Senior civil engineering major Karl Martinsen, 22, of New Milford, said the team found no basic safeguards in place to protect water sources from groundwater runoff and waste water and devised a plan to rectify the problem.

The plan calls for deep, mechanically drilled wells from which water will be pumped to holding tanks where it will be chlorinated and purified. Residents will then access the water from a dozen spigots placed around the village.

Rowan's Engineers Without Borders group, which is funded in part by corporate sponsorships from Lockheed Martin, Johnson & Johnson, the Rowan Foundation and others, is arranging for El Salvadoran companies to implement its plan.

"We're estimating the final cost to be around $25,000," said Jesse Kidd, 21, a senior civil engineering major from Pennsville. "We'll cover the whole cost of implementing the system and it will cost them about $2 a month to keep it going."

Shawn Sacks, 21, a junior civil engineering major from West Berlin, said the group had fun despite the harsh conditions in La Ceiba.
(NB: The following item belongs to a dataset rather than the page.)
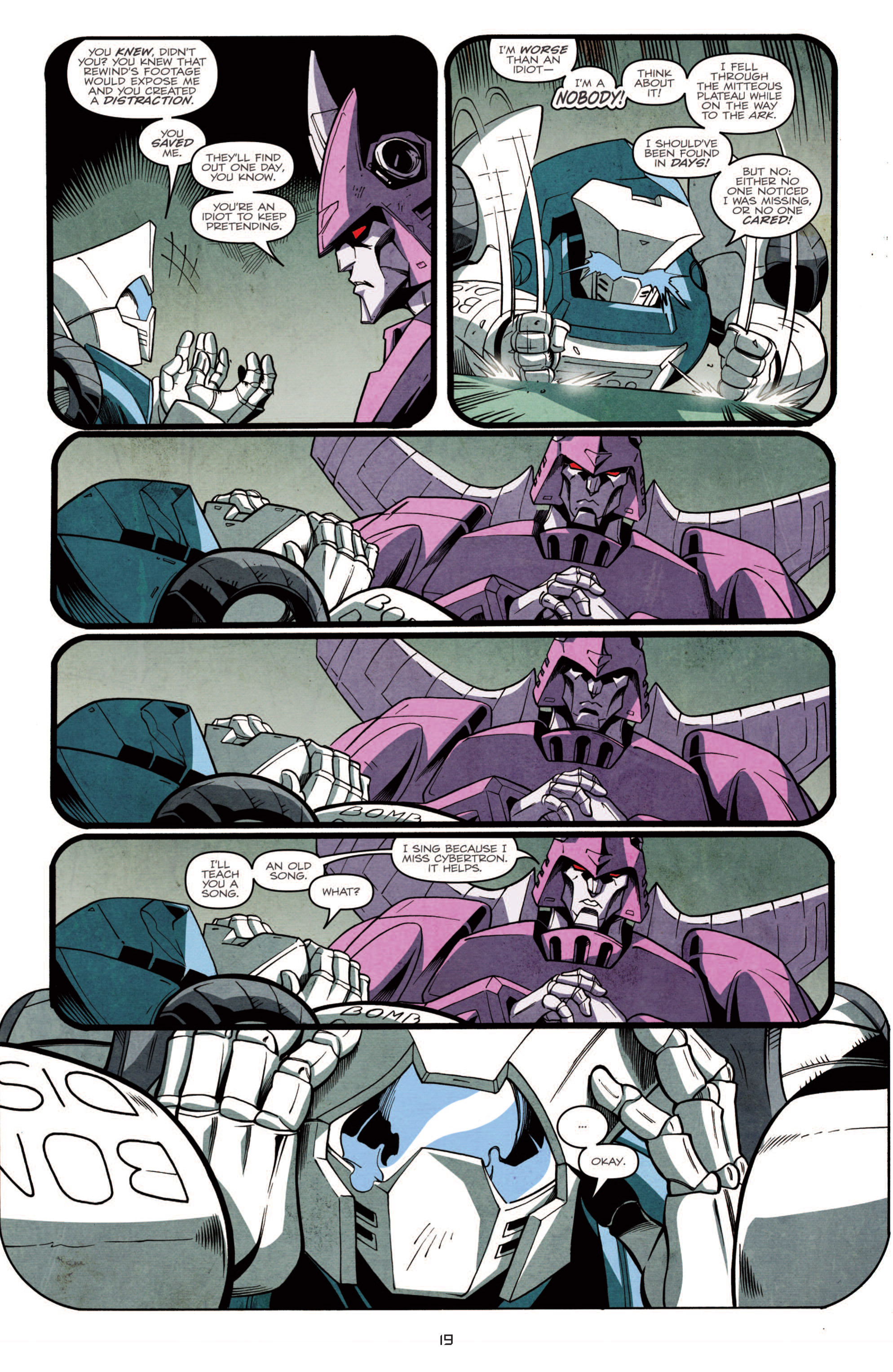Read online The Transformers: More Than Meets The Eye comic -  Issue #13 - 22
Taking a day off, they traveled to a national park and took a 30-minute hike to a waterfall.

Reyes said her teacher training helped in explaining to La Ceiba residents why it's so important to correct their unsanitary water supply.

"A big part of our trip was to educate them," she said. "We went to each house and explained what's going on. Everyone seemed to think if it's natural, it's fresh. We had to explain that, no, it's dirty."